Effects of various polishing processes on surface morphology, corrosion resistance, and RPD framework adaptation of SLM-printed dental Co-Cr alloys.

Purpose: This in vitro study aims to compare the effects of electrolytic polishing (EP), plasma electrolytic polishing (PP), dry electropolishing (DP), and their combination on the surface characteristics, corrosion resistance, and material reduction of selective laser melting (SLM) printed dental cobalt-chromium (Co-Cr) alloy.

Materials and methods: Standard samples and removable partial denture (RPD) frameworks were SLM-printed and then polished using the following methods: mechanical polishing (MP), EP, PP, DP, PDP (PP + DP), DPP (DP + PP), and PDPP (PP + DP + PP). Surface characteristics were analyzed using optical profilometry, scanning electron microscopy (SEM), and x-ray photoelectron spectroscopy (XPS). Corrosion resistance was assessed through electrochemical testing and ion release experiments. The metal reduction was evaluated by measuring weight loss, major connector and clasp thickness loss, and framework adaptation. The post-processing time for the technician's fine polishing of these frameworks was recorded to further evaluate the polishing quality of the frameworks. All measurements were presented as mean ±standard deviation. Statistical data were analyzed using analysis of variance (ANOVA) and nonparametric one-way analysis.
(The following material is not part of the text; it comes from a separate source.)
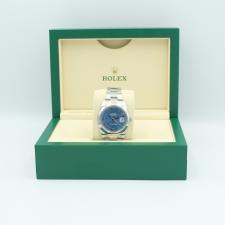 Gents Rolex Datejust 41 126300 Steel case with Blue dial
Results: The MP group exhibited the lowest roughness (0.04 ± 0.01 µm), followed by the PDPP group (0.49 ± 0.12 µm). All groups had a passivation film composition predominantly composed of Cr₂O₃, with a small amount of CrO₃ observed in the PDP group. PDPP exhibited minimal ion release (0.12 µg/cm²) and stable Nyquist plots. PDPP can significantly reduce the technician's post-processing time (45.75 s, p < 0.05) without compromising the adaptation of the frameworks.

Conclusions: PDPP forms a stable passivation film with extremely low ion release and a highly smooth, uniform surface. This significantly reduces the time required for manual post-processing while maintaining the accuracy of RPD frameworks, making it highly suitable for large-scale clinical framework polishing.